Re: Need background on design of groff character classes

G. Branden Robinson Sat, 10 Jan 2026 13:52:45 -0800

Hi Dave,

At 2026-01-04T04:35:20-0600, Dave Kemper wrote:
> I think most of the points here are academic now, but I do want to
> respond to a few.

Good show.

> On Tue, Dec 2, 2025 at 12:45 AM G. Branden Robinson
> <[email protected]> wrote:
> > Not at all.  To set a new character flag on an arbitrary character
> > x, one just does it.  If one really means for `\[em]` to both end a
> > sentence (if followed by appropriate whitespace) and for the line to
> > be eligible for breaking after it, one says so.
> 
> Sloppy wording on my part; I should have said "set a new flag without
> clobbering existing ones."  OR-ing, mathematically.

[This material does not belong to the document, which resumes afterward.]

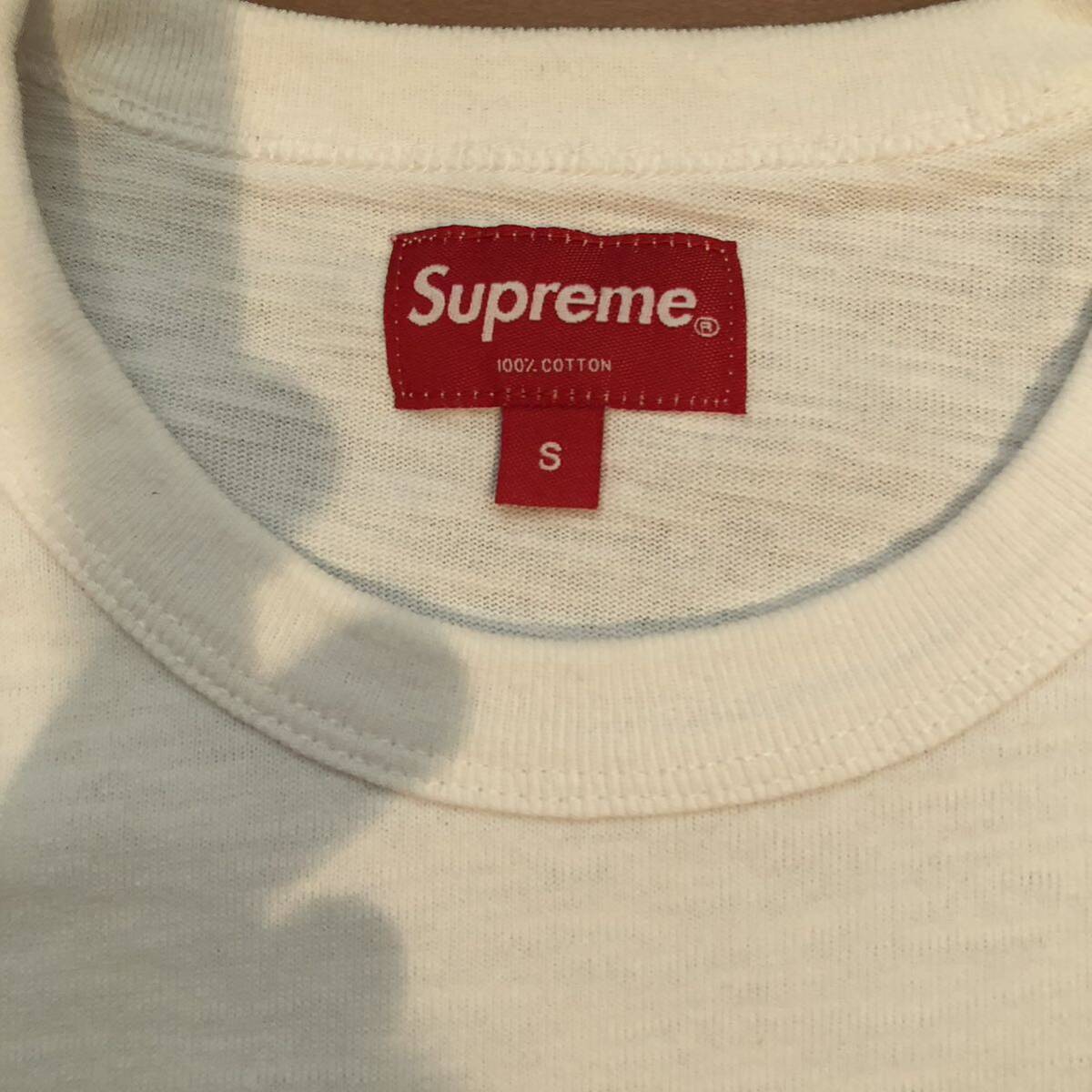 Supreme 20AW PLAID APPLIQUE S/S TOP WHITE / S_画像3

Okay.  I don't see the necessity for this feature.

Also I'm not sure the semantics of it have been completely considered in
conjunction with the possibility of character or class redefinition or
removal.[1]

> > Also, if one wants to know what flags a character possesses, one can
> > ask with the new `pchar` request.  Not programmatically, no--there's
> > no mechanism for returning a character's assigned flags in a
> > register, say--but this is a more easily obtained insight than has
> > been available heretofore.
> 
> Granted, but not being able to do it programmatically still puts
> needless burden on the document author.  (This point I think is
> academic because we now seem to agree that character classes are
> designed to OR in new flags without affecting existing ones.)

Yes, but I'd be happy to remove that property.

> > Do people really not know some of the "character flag" properties
> > they desire for a special character, but not others?  I think most
> > groff users don't mess with character flags at all.
> 
> (I presume one of those "not"s was a typo.)

Yes, thanks.

> I think the roff language should be designed, as far as is practical,
> with power users in mind as much as ordinary ones.

I agree.

> "Most users don't do this" should not imply "therefore we can make it
> needlessly difficult for those who do."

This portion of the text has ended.